KPMG's report on AI benefits contained hallucinated case studies that fabricated specific examples of AI adoption. The report claimed UBS had implemented certain AI integrations and cited transit system deployments that never occurred. These weren't minor errors or misattributions. They were complete fabrications generated by the AI tools KPMG used to produce the report itself.

UBS issued a denial of the claims made about their AI implementation, leaving KPMG in the uncomfortable position of having to admit their AI-generated content wasn't fact-checked. A consultancy that advises Fortune 500 companies on AI strategy just published AI-generated fiction about AI success stories.

"AI's efficiency gains are undeniable, but the risk of unverified outputs necessitates robust governance to prevent costly errors and maintain trust."

The irony cuts deep. KPMG sells AI transformation. They counsel boards on AI governance frameworks. They audit AI implementations. And they just demonstrated exactly what happens when you skip the verification step: your AI tells you what you want to hear, and you publish it as fact.

Here's what this incident reveals about the current state of enterprise AI:

  • Speed-to-publish beats accuracy-of-claims at firms with reputational capital to burn
  • Even sophisticated users confuse AI fluency with AI accuracy
  • The consulting model (bill for insights, not fact-checking) collides with AI's tendency to confidently bullshit

The impact on investor trust and market dynamics extends beyond KPMG's embarrassment. If reports from major consultancies contain unverified AI outputs, what else in the information supply chain is synthetic? Which analyst reports are citing hallucinated data? Which due diligence memos are built on made-up case studies?

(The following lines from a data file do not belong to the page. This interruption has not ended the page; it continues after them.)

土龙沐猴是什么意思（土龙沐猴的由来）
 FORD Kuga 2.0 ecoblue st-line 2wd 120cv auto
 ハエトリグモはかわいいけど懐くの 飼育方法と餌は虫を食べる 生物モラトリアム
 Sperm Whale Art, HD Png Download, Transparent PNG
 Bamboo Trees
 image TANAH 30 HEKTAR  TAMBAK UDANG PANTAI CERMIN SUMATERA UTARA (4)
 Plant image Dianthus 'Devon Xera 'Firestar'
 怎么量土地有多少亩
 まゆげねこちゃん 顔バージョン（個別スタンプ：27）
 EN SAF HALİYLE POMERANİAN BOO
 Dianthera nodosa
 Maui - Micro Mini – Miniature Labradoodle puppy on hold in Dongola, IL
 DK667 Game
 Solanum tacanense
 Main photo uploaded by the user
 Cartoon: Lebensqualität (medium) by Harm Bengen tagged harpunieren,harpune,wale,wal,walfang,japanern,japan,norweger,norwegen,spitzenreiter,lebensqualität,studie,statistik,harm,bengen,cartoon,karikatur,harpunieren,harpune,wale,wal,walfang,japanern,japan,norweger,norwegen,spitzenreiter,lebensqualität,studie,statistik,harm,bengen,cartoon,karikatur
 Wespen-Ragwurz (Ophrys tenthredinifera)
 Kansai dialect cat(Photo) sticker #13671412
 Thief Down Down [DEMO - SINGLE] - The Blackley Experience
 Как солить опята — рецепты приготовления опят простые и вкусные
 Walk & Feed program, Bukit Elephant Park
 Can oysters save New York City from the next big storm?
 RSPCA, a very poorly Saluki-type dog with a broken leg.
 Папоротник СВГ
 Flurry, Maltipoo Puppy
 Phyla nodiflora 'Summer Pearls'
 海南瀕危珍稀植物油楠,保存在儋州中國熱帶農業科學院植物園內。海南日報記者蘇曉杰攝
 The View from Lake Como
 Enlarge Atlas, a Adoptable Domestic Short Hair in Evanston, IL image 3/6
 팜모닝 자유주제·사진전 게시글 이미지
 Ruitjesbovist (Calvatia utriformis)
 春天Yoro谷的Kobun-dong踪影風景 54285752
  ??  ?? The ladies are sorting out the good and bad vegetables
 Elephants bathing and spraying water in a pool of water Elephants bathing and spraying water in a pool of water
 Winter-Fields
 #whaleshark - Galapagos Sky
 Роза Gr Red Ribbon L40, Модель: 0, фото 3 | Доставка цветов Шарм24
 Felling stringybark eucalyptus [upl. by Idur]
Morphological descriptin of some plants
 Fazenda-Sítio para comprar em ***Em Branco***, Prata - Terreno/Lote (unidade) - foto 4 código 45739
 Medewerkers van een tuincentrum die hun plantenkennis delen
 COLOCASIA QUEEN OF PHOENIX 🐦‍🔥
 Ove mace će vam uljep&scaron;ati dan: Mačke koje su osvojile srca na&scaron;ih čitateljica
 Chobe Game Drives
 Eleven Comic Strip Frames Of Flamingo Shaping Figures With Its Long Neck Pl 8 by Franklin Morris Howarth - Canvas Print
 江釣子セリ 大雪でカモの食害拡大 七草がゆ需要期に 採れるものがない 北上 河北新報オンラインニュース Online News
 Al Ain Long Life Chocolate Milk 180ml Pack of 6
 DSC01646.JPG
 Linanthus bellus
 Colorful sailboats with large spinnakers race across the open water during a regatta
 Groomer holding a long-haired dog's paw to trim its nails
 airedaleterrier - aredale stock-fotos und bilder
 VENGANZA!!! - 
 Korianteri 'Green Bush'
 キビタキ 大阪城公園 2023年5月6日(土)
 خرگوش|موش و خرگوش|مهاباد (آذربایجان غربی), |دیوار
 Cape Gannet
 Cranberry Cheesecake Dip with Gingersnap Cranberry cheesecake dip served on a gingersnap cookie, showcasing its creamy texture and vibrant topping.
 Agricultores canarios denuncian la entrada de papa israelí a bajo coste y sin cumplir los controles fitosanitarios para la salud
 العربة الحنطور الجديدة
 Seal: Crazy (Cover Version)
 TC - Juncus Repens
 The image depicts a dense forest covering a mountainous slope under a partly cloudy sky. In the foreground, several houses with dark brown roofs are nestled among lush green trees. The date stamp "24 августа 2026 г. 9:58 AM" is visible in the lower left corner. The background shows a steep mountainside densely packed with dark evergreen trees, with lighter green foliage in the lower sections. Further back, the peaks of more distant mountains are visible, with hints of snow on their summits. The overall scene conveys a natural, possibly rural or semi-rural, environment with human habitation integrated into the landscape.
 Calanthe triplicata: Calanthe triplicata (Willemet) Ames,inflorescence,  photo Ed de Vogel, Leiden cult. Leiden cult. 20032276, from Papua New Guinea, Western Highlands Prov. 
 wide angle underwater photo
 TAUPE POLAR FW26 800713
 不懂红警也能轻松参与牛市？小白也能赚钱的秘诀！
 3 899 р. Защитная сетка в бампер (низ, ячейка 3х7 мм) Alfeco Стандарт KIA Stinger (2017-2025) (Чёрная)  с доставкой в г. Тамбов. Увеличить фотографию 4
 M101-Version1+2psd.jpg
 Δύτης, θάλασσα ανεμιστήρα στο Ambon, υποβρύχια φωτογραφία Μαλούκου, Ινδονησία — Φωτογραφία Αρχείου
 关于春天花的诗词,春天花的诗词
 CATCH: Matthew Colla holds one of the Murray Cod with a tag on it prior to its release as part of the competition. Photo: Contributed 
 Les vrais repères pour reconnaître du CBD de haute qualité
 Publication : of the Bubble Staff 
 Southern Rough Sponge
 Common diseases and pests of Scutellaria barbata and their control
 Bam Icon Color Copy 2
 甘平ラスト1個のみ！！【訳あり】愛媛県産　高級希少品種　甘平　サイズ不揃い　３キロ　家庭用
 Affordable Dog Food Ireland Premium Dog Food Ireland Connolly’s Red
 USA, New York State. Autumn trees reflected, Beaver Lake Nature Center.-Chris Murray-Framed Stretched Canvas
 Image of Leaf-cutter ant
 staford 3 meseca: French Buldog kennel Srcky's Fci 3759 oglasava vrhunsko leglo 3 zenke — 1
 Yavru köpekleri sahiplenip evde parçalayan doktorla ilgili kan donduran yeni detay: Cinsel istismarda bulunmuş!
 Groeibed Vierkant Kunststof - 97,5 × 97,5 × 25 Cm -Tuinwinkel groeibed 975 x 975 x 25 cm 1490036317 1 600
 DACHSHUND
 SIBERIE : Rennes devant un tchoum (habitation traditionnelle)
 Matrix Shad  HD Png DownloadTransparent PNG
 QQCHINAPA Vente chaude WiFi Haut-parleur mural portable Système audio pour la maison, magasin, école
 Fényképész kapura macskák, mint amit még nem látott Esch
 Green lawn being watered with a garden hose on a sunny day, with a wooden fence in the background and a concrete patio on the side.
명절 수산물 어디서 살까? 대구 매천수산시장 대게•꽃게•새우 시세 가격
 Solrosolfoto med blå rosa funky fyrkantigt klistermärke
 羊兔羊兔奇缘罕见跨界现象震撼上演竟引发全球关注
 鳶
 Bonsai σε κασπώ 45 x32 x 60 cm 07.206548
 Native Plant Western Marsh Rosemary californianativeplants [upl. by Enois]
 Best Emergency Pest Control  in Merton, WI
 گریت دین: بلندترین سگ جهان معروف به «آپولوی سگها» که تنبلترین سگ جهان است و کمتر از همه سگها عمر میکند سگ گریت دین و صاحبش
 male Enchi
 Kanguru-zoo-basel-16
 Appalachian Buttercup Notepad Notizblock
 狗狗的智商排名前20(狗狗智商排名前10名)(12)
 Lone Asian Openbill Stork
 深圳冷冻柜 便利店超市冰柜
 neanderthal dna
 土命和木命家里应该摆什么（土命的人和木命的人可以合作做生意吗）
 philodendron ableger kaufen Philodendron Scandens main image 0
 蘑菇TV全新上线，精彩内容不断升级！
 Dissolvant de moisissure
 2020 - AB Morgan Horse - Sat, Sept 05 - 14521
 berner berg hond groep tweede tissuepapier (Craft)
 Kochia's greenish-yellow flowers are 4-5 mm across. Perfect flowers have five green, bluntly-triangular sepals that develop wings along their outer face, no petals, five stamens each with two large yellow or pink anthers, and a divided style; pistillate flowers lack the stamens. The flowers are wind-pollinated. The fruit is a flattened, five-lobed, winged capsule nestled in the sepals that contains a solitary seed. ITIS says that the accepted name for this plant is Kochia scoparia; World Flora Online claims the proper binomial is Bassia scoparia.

This isn't a bug in the AI. It's a bug in the process. The tools work exactly as designed: they generate plausible-sounding text based on patterns. The risk comes from treating that output as verified truth without the human-in-the-loop step that checks claims against reality.

The Implication

Every firm rushing to "leverage AI" for content production just got a playbook for what not to do. The solution isn't to stop using AI for research and writing. It's to build verification layers that match the velocity of AI output. That means source-linking every factual claim, maintaining audit trails for AI-generated sections, and assuming every AI output is directionally useful but factually suspect until proven otherwise.

For anyone building in the agent economy: this is your moat opportunity. The firms that solve AI verification, that build trust layers for synthetic content, that create attestation systems for AI-generated work—those are the infrastructure plays that matter. KPMG just showed why the market needs them.